§ **Instructions to follow**
Pick up at the line with "Collapsible Bamboo Drying". Write it out exactly, along with each later line through the end of the data, and nothing more.
━━━ Raw data ━━━
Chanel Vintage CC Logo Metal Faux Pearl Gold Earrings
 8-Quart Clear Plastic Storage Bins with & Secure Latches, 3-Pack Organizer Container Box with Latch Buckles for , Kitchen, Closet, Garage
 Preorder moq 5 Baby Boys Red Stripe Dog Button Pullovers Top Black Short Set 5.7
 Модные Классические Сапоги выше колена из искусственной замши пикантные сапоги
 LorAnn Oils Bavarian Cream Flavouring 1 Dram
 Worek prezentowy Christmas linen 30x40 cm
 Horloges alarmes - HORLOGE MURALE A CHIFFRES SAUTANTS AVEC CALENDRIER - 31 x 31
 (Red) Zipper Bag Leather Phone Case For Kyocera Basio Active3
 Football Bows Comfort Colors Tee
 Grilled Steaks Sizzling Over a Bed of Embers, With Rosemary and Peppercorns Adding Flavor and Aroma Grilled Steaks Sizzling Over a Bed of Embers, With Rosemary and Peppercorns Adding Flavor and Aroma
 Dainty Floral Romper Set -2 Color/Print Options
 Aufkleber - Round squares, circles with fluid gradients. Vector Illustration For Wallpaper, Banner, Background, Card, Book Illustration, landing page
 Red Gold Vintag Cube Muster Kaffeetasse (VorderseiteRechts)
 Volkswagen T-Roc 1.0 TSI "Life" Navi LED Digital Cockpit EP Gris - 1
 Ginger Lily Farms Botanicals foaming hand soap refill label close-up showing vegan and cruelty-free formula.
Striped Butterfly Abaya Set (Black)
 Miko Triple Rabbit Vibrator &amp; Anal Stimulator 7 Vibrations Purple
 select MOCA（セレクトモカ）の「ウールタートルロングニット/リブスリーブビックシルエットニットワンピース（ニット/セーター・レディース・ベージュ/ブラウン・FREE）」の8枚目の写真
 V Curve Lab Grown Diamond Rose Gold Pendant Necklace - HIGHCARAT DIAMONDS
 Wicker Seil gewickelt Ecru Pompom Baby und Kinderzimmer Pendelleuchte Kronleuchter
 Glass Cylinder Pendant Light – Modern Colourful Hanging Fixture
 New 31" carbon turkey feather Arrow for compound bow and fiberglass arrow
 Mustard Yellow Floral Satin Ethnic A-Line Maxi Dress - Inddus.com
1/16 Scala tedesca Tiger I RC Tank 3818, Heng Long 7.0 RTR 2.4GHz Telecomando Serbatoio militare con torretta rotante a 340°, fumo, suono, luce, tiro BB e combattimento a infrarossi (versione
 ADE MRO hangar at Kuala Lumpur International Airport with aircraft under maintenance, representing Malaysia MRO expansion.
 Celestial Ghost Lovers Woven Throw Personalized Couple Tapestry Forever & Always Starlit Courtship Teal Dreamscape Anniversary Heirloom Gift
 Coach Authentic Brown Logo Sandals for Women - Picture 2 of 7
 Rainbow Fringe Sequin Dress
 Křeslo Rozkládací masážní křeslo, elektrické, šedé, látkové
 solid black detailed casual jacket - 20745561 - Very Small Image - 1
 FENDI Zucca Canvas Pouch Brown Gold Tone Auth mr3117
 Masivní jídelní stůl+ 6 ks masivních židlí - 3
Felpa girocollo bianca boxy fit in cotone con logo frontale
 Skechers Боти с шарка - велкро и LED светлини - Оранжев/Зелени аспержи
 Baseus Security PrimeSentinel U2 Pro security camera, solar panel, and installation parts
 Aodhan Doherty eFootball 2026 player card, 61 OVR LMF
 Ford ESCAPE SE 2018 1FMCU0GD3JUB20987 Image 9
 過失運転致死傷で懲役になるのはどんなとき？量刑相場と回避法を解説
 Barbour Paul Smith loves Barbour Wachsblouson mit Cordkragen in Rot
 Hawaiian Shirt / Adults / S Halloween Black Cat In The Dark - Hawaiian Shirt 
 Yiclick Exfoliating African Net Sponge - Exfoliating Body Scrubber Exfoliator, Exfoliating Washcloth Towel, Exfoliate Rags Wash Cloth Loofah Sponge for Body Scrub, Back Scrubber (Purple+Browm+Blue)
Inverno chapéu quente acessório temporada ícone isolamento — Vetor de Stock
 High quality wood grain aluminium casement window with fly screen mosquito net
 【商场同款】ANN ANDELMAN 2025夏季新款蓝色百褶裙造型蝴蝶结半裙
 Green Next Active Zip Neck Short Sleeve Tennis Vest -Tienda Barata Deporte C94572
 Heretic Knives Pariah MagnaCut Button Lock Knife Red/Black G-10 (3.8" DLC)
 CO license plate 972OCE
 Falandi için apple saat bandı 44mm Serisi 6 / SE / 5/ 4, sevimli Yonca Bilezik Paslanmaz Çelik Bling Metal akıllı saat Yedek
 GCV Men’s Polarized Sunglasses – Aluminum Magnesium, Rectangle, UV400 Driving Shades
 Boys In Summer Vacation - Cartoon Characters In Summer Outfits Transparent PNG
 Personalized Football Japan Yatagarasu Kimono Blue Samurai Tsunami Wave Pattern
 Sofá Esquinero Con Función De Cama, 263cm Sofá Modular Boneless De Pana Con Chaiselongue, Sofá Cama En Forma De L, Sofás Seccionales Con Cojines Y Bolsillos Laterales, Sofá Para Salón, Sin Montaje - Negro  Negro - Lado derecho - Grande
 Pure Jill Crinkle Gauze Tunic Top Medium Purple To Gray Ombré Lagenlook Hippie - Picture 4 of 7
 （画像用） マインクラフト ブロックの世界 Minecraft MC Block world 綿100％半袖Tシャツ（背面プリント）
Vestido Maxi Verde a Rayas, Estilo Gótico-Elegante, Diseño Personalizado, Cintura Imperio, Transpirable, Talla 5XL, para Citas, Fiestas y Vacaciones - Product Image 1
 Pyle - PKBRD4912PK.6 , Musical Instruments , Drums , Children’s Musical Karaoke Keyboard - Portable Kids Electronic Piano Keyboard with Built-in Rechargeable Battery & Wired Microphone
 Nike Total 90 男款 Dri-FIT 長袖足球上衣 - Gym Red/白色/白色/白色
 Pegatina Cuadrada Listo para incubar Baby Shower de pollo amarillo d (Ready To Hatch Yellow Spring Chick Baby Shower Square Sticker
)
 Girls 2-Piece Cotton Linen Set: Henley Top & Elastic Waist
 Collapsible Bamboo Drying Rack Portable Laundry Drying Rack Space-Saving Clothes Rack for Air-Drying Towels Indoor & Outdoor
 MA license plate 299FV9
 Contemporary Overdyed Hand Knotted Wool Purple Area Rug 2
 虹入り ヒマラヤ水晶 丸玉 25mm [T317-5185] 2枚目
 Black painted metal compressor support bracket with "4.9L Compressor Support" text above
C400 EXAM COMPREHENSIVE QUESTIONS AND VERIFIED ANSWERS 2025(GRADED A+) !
━━━
§ **The answer**
 Collapsible Bamboo Drying Rack Portable Laundry Drying Rack Space-Saving Clothes Rack for Air-Drying Towels Indoor & Outdoor
 MA license plate 299FV9
 Contemporary Overdyed Hand Knotted Wool Purple Area Rug 2
 虹入り ヒマラヤ水晶 丸玉 25mm [T317-5185] 2枚目
 Black painted metal compressor support bracket with "4.9L Compressor Support" text above
C400 EXAM COMPREHENSIVE QUESTIONS AND VERIFIED ANSWERS 2025(GRADED A+) !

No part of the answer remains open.